Unsurprisingly, my impression is that coverage is generally better for the bigger features that are more obvious (e.g. schools), and for those which particularly interest the OSM community (More pubs than post offices. More bicycle shops than golf courses. Surprisingly few fish and chip shops, though there are some tagging variants that would slightly boost coverage of these if I collected them more systematically). Some of the services that potential users might expect to find are not so well covered (e.g. GPs and dentists).

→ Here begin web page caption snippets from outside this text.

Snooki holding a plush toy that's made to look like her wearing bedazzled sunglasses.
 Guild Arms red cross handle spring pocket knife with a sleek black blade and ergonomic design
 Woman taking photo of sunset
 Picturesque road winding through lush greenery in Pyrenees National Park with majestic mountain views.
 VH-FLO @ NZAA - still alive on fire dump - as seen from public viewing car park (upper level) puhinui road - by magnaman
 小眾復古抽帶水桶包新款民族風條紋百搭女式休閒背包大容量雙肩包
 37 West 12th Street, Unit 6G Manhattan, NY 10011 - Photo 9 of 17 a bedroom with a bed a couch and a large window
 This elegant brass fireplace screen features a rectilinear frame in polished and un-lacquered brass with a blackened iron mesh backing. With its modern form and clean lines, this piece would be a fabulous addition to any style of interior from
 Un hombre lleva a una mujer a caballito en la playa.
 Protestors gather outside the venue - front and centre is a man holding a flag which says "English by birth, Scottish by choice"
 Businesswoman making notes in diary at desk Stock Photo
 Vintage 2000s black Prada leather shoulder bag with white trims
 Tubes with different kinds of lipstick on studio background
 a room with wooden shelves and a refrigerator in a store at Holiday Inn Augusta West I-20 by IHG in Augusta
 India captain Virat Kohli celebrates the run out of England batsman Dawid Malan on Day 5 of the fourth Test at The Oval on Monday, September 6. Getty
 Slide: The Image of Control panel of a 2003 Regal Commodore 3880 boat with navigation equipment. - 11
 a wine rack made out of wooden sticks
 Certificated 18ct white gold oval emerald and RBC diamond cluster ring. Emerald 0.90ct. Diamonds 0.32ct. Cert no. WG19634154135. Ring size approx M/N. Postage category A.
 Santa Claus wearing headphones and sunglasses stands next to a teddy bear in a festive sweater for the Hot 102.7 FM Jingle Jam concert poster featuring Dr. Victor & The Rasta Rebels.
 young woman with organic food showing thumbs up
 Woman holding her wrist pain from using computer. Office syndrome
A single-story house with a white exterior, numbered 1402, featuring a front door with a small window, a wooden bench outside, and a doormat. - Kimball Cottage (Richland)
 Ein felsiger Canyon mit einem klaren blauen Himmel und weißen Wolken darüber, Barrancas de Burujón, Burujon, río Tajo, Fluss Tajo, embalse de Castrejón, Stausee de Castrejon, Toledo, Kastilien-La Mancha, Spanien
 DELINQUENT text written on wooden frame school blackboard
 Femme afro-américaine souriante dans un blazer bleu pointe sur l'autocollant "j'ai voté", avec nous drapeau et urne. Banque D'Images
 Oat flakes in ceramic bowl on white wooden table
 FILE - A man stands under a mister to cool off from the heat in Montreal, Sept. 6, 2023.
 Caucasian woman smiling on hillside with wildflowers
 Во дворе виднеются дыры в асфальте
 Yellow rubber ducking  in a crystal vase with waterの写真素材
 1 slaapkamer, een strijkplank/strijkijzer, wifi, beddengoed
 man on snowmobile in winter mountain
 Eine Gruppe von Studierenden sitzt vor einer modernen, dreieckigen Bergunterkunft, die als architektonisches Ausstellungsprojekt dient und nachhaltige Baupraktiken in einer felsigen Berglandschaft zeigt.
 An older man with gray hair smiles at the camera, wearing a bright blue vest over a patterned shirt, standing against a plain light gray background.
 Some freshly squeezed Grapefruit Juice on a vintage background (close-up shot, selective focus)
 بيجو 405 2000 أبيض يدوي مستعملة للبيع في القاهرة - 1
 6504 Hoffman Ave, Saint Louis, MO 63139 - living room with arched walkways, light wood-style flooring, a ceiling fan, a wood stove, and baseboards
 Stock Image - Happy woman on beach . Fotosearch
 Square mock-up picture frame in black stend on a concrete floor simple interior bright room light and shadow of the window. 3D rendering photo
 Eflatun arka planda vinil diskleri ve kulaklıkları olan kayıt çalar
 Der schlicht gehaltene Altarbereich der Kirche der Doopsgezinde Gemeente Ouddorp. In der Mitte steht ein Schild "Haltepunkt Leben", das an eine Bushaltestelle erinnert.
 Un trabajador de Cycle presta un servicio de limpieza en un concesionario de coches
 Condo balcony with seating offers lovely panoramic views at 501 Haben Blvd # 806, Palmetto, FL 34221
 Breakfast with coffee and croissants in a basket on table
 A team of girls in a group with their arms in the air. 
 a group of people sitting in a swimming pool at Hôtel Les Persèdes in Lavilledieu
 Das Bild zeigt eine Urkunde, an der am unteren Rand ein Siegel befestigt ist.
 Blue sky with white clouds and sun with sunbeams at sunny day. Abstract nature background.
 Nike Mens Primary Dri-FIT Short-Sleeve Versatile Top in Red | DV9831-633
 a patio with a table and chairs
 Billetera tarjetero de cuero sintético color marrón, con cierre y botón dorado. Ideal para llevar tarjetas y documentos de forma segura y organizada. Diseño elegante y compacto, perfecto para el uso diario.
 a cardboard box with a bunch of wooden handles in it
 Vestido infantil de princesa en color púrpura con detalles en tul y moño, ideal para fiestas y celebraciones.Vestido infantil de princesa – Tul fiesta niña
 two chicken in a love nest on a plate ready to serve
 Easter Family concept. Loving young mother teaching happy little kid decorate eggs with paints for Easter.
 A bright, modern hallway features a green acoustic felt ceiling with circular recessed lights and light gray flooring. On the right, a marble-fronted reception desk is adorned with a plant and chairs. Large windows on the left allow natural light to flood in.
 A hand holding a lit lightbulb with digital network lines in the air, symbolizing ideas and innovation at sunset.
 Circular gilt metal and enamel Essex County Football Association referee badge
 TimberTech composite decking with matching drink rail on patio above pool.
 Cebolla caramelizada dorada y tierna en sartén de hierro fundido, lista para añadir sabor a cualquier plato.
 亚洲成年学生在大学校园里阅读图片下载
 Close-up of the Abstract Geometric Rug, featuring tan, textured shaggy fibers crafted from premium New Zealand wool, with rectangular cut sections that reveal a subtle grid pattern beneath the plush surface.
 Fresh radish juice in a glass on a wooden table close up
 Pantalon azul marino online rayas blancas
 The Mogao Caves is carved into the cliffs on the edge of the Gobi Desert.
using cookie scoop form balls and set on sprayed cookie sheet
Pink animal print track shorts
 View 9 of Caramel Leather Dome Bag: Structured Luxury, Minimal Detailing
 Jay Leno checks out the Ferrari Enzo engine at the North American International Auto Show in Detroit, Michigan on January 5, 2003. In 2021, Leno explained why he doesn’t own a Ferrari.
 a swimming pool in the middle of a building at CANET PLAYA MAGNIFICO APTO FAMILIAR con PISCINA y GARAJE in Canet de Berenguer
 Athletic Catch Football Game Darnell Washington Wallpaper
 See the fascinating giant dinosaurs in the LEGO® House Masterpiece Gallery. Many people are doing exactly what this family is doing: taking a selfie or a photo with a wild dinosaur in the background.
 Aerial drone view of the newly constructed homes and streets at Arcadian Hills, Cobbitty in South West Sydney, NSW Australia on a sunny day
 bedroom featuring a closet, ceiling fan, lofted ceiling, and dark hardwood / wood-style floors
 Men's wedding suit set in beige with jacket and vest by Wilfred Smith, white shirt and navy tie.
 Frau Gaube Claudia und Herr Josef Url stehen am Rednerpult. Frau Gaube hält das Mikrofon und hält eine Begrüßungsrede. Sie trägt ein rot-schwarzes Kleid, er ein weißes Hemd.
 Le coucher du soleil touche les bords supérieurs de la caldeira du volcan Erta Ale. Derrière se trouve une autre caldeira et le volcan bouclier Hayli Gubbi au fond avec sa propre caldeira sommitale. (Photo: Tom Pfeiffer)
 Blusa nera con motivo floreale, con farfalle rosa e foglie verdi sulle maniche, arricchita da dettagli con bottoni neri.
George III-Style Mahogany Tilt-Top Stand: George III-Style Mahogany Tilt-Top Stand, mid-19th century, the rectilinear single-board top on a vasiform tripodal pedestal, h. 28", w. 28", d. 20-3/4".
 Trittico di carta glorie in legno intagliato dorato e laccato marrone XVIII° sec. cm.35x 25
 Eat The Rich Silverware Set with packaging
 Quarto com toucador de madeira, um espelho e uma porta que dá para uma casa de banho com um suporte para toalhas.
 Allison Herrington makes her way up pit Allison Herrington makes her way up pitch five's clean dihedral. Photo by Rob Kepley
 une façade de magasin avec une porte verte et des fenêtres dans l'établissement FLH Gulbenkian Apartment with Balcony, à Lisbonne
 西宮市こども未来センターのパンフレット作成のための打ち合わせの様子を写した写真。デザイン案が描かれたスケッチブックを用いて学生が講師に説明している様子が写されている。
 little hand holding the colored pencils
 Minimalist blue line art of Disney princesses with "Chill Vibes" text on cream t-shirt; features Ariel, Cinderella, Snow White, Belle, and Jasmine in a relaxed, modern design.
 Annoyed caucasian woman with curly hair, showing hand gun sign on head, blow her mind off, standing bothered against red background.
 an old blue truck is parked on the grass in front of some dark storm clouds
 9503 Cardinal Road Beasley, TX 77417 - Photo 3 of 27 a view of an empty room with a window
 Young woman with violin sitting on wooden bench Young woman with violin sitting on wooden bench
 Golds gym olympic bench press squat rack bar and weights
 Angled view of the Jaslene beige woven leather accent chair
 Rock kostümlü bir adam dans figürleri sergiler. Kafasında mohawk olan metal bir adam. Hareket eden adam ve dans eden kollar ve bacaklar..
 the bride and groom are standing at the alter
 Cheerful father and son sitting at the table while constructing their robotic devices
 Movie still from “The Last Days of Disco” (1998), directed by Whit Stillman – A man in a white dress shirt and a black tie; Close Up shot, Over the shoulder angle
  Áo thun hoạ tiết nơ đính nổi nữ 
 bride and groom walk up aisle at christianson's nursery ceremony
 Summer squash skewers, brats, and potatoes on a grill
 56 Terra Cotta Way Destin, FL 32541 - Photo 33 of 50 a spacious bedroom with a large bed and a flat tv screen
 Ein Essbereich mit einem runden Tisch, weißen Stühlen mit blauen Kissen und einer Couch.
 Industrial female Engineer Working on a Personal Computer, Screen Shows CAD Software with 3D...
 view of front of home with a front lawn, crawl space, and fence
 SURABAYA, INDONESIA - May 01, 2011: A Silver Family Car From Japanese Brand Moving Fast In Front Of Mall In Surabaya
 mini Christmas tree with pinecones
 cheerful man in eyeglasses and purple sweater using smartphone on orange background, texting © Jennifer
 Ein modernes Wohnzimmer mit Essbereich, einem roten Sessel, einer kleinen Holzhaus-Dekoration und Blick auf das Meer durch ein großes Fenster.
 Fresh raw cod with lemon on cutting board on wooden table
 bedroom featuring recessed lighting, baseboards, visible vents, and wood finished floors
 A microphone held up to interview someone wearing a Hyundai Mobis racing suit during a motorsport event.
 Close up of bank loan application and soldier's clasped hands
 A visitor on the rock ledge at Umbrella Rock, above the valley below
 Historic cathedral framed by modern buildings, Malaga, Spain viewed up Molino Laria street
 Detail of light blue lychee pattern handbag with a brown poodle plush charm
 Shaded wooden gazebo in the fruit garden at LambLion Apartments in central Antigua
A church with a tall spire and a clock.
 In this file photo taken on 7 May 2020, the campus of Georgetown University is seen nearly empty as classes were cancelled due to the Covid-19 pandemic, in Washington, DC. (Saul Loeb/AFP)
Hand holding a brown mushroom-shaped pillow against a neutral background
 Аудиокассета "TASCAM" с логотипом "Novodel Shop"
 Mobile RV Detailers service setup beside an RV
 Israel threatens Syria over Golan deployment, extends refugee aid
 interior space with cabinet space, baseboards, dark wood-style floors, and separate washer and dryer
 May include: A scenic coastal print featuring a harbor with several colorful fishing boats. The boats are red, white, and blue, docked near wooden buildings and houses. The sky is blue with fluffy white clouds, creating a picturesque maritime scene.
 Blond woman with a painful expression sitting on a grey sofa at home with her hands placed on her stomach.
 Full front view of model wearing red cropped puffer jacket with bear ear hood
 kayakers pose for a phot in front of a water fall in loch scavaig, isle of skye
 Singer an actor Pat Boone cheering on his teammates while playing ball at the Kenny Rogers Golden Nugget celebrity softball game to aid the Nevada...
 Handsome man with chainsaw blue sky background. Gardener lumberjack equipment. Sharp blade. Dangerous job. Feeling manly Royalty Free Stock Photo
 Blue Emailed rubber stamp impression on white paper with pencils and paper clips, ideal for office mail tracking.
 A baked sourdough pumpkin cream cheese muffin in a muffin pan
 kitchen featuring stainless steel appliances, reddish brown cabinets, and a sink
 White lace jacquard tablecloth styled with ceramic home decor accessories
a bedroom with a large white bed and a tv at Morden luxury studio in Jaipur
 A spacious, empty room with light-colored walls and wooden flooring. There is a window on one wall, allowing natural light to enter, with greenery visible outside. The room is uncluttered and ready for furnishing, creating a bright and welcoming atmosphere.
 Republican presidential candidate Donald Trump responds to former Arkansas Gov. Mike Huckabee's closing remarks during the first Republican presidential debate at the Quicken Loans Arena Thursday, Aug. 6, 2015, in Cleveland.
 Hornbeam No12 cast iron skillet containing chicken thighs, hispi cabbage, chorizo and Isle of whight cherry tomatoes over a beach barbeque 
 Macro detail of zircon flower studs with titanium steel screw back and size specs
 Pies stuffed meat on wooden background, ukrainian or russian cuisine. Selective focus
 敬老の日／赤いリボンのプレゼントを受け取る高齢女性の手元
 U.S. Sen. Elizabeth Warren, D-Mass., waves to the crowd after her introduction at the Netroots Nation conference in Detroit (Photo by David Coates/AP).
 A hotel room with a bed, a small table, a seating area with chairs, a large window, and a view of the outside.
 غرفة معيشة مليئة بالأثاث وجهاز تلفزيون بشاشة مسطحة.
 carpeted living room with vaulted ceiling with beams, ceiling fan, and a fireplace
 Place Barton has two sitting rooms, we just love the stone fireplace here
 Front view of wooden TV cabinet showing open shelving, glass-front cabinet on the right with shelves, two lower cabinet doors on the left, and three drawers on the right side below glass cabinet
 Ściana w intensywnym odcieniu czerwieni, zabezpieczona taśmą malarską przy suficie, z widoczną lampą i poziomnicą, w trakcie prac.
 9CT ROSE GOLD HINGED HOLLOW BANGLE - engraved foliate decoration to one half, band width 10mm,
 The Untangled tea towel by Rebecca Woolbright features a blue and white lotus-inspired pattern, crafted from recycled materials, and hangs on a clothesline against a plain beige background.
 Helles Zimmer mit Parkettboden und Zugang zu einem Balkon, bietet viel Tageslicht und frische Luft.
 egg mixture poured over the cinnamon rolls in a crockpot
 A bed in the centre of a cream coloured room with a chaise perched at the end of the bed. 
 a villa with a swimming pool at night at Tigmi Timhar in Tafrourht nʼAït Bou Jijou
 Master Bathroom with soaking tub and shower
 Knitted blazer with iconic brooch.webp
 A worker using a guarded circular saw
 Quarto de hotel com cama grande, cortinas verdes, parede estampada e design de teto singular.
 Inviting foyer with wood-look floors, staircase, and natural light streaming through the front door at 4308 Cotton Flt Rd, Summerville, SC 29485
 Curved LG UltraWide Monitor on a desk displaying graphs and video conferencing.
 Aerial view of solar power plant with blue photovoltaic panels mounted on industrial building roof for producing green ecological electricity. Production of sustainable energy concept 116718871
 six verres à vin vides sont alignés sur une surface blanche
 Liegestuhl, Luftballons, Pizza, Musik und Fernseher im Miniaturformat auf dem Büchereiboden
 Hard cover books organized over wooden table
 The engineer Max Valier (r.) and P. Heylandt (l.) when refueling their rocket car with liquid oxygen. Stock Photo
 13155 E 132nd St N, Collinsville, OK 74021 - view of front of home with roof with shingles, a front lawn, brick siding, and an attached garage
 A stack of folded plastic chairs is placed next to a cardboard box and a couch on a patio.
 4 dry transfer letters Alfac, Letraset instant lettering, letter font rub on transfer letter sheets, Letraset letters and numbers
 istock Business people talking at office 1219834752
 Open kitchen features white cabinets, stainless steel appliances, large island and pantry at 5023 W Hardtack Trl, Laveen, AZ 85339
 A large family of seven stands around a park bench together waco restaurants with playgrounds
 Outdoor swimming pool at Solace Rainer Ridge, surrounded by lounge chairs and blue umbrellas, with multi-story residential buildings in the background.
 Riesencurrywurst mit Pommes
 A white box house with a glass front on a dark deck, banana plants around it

Even if they are rough  and ready, I think it has been useful to put numbers on some of this stuff. Partly because it helps to measure progress, partly to help think laterally about priorities, and partly as a sanity check on the amount of detail that is both practical and important. And not least because it already demonstrates an impressive level of coverage. However, there is no shortage of opportunity to record the existence of more interesting and useful features in 2012. You can bet on seeing more casinos and bookmakers; while other contributors get their teeth into the missing dentists.

I'll probably come back to this again. It's a bit of an iterative process, and if anyone wants to suggest a better estimate, a source of suitable data, or other features that I should try to measure, then please comment below.

1 comment:

gom1 said...

Note on Anglican churches: there are about 11,000 other places of worship in the database which are either tagged as Christian, without a denomination; or are not tagged with a religion at all. Judging by the names, most of these are likely to be Anglican. In other words, most Anglican churches are probably already in the database, but not tagged in a way that I can identify them.